Your going to have a bunch of issue to address trying to add screen porch.
No you can not just add onto the post you have now. It works best to remove the deck board around the post, cut off the post below or at least even with the floor joist, then but the boards back.
The walls get built using pressure treated lummber with a double top plate.
The siding needs to be removed where the side walls go. The wall goes up, once it's plumbed and attached to the wall another 2 X 4 is added to spave it out enough for the screen moulding, then J moulding is used to trim it out.
It's never ok to attach any roof to a fashia. Not strong enough, will give you 0 slope to the roof.
The new roof needs to start up on top of the old roof. The closer to the peak the better.


----------



## Canarywood1 (May 5, 2012)

This is for Maney and Nigel, you don't want to use lumber for your screen room,it's far too heavy,use 2x2 aluminum tubing like they use for pool cages,and if you don't want a screen roof use an aluminum carport/ patio cover,you can pickup the patio cover at any mobile home parts store in your area,just google it,i'll attach a link to show you what it would look like.
The 2x2 aluminum tubing you can get at Lowes or Home Depot.
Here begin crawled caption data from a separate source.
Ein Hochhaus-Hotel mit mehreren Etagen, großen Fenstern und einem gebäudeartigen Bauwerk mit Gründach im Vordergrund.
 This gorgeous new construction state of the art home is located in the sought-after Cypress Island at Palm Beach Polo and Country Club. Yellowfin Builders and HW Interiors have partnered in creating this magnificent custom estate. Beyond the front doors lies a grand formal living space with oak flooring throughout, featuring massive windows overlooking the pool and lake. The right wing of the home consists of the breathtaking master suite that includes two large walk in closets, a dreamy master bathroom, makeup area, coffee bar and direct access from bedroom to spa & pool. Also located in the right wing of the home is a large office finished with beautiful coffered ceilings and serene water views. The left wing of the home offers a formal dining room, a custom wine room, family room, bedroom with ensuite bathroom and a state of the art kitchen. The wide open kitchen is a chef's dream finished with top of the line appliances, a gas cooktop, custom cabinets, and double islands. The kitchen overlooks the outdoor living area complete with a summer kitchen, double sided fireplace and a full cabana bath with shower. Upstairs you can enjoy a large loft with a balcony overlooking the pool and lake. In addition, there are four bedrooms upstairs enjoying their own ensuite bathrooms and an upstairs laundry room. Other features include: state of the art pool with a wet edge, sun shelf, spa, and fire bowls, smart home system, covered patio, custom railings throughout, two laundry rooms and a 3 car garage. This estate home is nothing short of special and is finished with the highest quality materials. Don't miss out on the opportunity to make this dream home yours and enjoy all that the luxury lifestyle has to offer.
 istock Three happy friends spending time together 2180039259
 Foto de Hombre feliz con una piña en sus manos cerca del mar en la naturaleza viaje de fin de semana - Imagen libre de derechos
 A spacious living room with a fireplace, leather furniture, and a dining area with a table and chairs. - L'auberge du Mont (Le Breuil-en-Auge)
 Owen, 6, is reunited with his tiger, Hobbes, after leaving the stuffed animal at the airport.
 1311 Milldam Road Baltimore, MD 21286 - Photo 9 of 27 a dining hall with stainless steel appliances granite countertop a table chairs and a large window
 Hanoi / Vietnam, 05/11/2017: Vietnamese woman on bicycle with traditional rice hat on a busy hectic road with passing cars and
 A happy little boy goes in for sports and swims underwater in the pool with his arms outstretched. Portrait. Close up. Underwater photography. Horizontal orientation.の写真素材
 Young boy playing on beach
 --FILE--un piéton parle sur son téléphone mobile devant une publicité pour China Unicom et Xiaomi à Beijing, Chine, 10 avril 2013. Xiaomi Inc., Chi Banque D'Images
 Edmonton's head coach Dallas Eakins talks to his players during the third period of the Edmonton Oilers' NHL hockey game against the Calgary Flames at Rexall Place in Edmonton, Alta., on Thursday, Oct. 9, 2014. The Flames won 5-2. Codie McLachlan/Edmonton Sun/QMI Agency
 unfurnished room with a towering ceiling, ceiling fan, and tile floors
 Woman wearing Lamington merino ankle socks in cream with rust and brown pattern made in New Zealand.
http://www.mobilehomeadvantage.com/item.cfm/ID/87/


----------



## KevinPh (May 25, 2012)

Whether you use aluminum or wood for the posts, the important thing to remember is that you should NOT build on top of the existing posts, it won't be strong enough. I would keep the existing deck in place, dig footings for four new posts, and construct it as a free floating roof. I would not use a ledger board as it would definitely not be strong enough.

If you want to use aluminum, there are easy-to-install sunroom and solarium kits you can buy, and many are advertised online.


----------